Certains programmes d’observations et de collecte de données à l’échelle mondiale tels que le programme GEOTRACES, intègrent en partie ces interrogations à leurs objectifs généraux. GEOTRACES est un programme international de recherche ayant pour but de cartographier la distribution des éléments en traces et de certaines compositions isotopiques dans l’océan ainsi que de comprendre les processus biogéochimiques contrôlant leur distribution. Ce programme comporte de nombreuses campagnes océanographiques, regroupées en « Process Studies » et « Section Cruises ». Les premières ont pour objectif de documenter l’ensemble des processus contrôlant les cycles biogéochimiques des nutriments dans une région d’intérêt.
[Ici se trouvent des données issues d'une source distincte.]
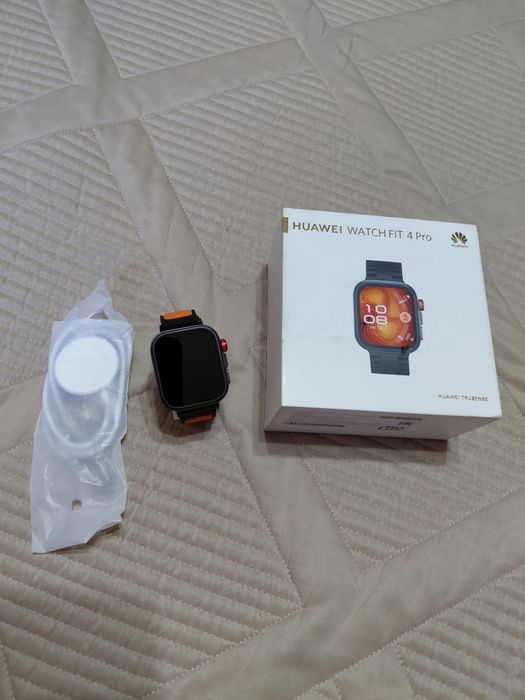 Продам смарт часы Huawei Watch Fit 4 Pro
Les campagnes KEOPS (janvier-février 2005) et KEOPS-2 (octobre-novembre 2011) qui se concentrent sur le Plateau de Kerguelen dans le secteur indien de l’Océan Austral font parties de ce type de campagnes océanographiques et seront discutées dans les chapitres 1 et 2 de cette thèse. Les « Section Cruises » telles que le transect SR3 au sud de l’Australie (présenté dans le chapitre 3), sont plutôt dédiées à l’étude de la variabilité saisonnière de la distribution des éléments en étant régulièrement revisitées à différentes périodes de l’année.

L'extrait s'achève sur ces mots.